═══ Entries supplied ═══

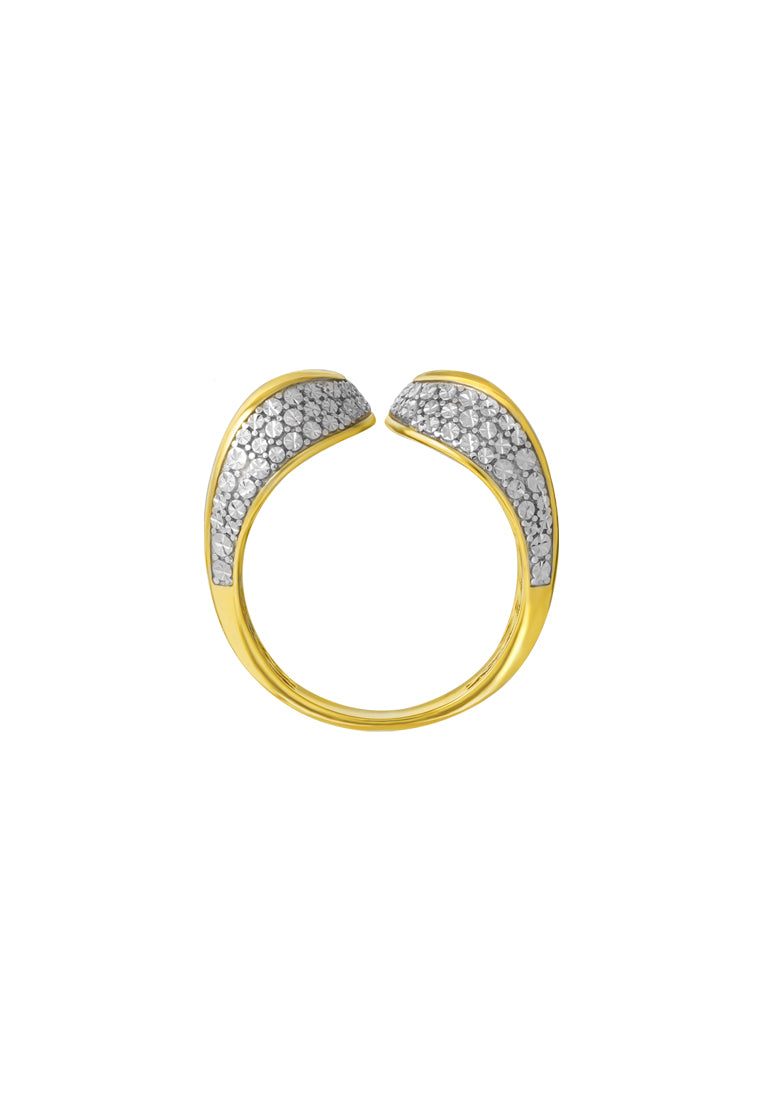 TOMEI Diamond Cut Collection Open Ring, Yellow Gold 916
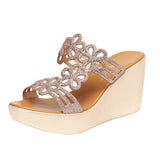 kamames Summer New Water Drill Slope Heel Sandals, High Heel Women's Shoes, Thick Soles, Waterproof Table, Large Size Fish Mouth Sandals, Word Slippers
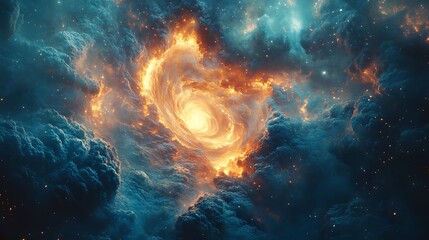 A fiery spiral of light pierces through dark clouds in a celestial scene.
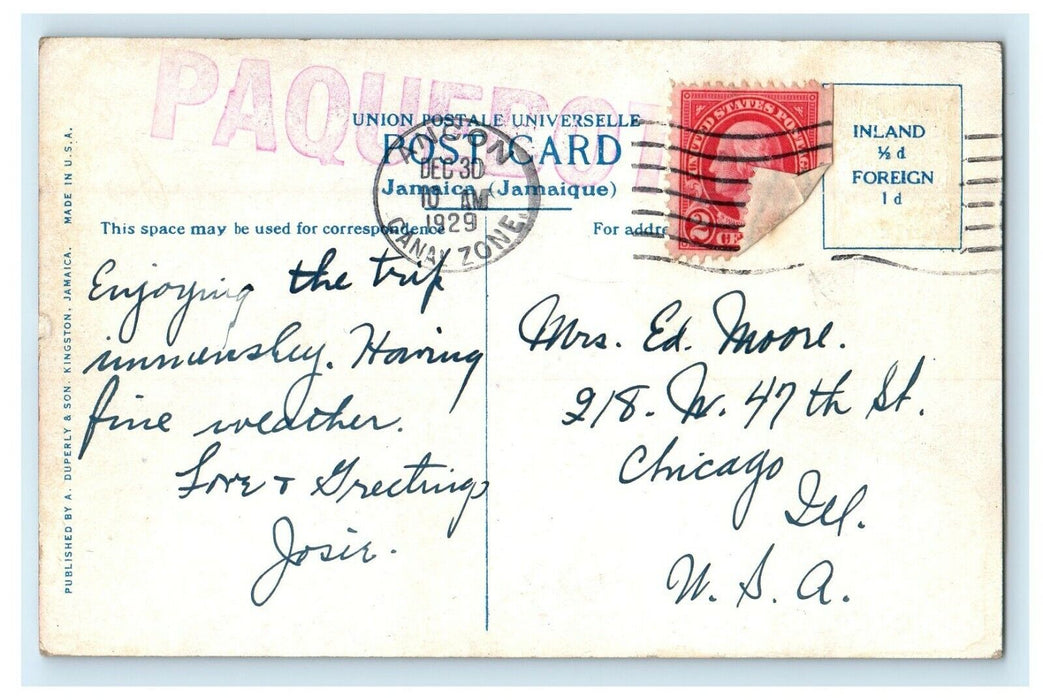 1929 Canal Zone Paquebot Cancel Stamp Ancon Panama to USA Cover Postcard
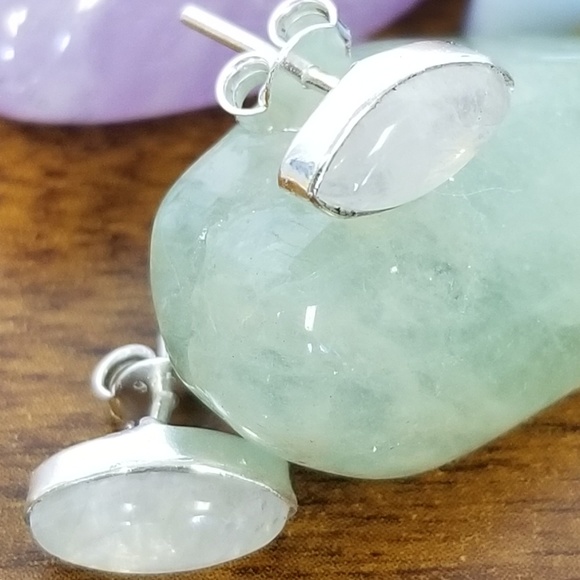 Marquis cut rainbow moonstone studs - Picture 2 of 7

═══

**Instructions to follow**
The required output is every line of the data above, set down exactly and stripped of pictures.

**Task solution**
 TOMEI Diamond Cut Collection Open Ring, Yellow Gold 916
 kamames Summer New Water Drill Slope Heel Sandals, High Heel Women's Shoes, Thick Soles, Waterproof Table, Large Size Fish Mouth Sandals, Word Slippers
 A fiery spiral of light pierces through dark clouds in a celestial scene.
 1929 Canal Zone Paquebot Cancel Stamp Ancon Panama to USA Cover Postcard
 Marquis cut rainbow moonstone studs - Picture 2 of 7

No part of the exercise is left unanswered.